• [GIVEN RECORDS]
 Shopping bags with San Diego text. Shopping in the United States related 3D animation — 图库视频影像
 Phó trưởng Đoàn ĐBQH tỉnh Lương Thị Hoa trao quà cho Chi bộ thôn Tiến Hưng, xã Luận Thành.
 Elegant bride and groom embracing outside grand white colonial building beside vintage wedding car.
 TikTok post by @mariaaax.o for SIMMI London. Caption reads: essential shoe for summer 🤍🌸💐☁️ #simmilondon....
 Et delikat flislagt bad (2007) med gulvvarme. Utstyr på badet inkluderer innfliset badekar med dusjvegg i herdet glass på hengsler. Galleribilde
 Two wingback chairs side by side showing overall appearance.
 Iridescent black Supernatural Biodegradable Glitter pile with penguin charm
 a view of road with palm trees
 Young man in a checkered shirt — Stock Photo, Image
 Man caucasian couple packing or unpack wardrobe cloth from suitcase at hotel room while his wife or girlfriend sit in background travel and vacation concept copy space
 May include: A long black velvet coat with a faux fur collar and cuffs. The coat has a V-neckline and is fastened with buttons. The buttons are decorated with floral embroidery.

• [YOUR TASK]
Please retype all of the lines above exactly as they stand.

• [REPLY]
 Shopping bags with San Diego text. Shopping in the United States related 3D animation — 图库视频影像
 Phó trưởng Đoàn ĐBQH tỉnh Lương Thị Hoa trao quà cho Chi bộ thôn Tiến Hưng, xã Luận Thành.
 Elegant bride and groom embracing outside grand white colonial building beside vintage wedding car.
 TikTok post by @mariaaax.o for SIMMI London. Caption reads: essential shoe for summer 🤍🌸💐☁️ #simmilondon....
 Et delikat flislagt bad (2007) med gulvvarme. Utstyr på badet inkluderer innfliset badekar med dusjvegg i herdet glass på hengsler. Galleribilde
 Two wingback chairs side by side showing overall appearance.
 Iridescent black Supernatural Biodegradable Glitter pile with penguin charm
 a view of road with palm trees
 Young man in a checkered shirt — Stock Photo, Image
 Man caucasian couple packing or unpack wardrobe cloth from suitcase at hotel room while his wife or girlfriend sit in background travel and vacation concept copy space
 May include: A long black velvet coat with a faux fur collar and cuffs. The coat has a V-neckline and is fastened with buttons. The buttons are decorated with floral embroidery.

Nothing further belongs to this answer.